Loeffler denied the allegations in a statement to Billboard and said the charges were “without merit and in retaliation for the suit we filed against [Phillips].”
King said the decision to terminate Phillips shocked the band and argues that the loss of the record contract is Loeffler’s fault and “severely tarnished Signature and PDM III’s most valuable assets (its relationship with Why Don’t We and Eben), possibly beyond repair.”
“After years of mental and financial abuse at the hands of Dave Loeffler and his associates, Randy Phillips seeks to salvage a deteriorating relationship with rising stars Why Don’t We and Eben with the production companies co-owned by Phillips,” King told Billboard in a statement. “Loeffler’s mistreatment of these primary assets of the companies gravely endanger the survival of the companies. For unknown motives, other than perhaps professional jealousy, Loeffler has attempted to interfere with Phillips’s role as primary manager of these artists.”

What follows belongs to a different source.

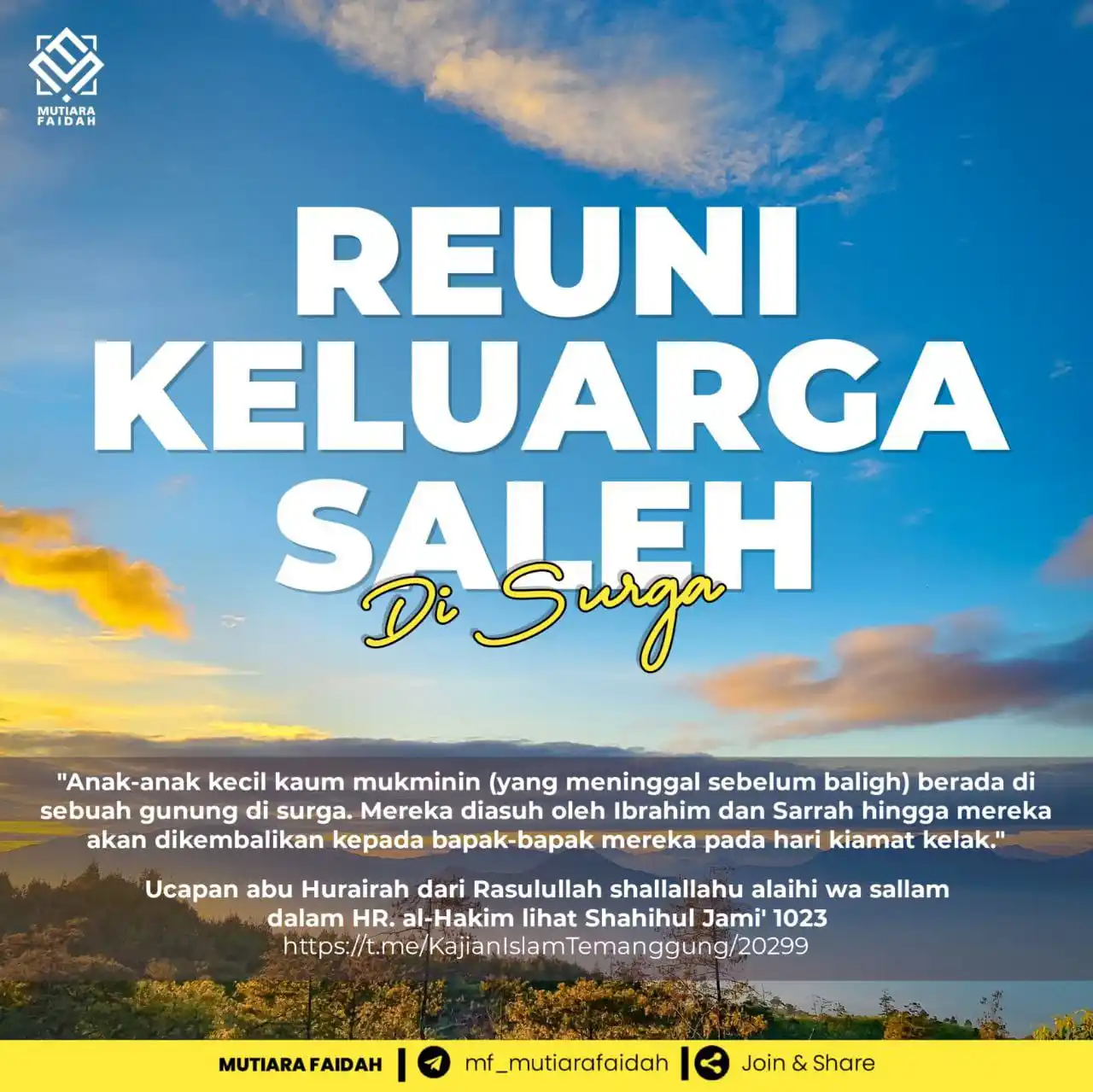 Image from Poster Faedah: Reuni Keluarga Saleh di Surga...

Phillips also accuses Loeffler of holding up the release of the band’s second album, The Good Times and the Bad Ones, until January 2021 when it was released in a licensing deal with Atlantic. On that album, Phillips claims Loeffler hired an unqualified friend to produce the album, despite his lack of experience, and assigned the friend 30% of the record’s publishing royalties. Phillips also accuses Loeffler of withholding a $1 million publishing advance intended for members of Why Don’t We during the pandemic
King is asking a judge to strip Loeffler from his manager title at PMI III and establish “further relief as the Court deems just and proper.” Loeffler is suing the individual members of Why Don’t We for anticipatory breach of contract related to the Atlantic deal and suing Phillips for tortious interference and is seeking damages. No hearing has been scheduled in either case.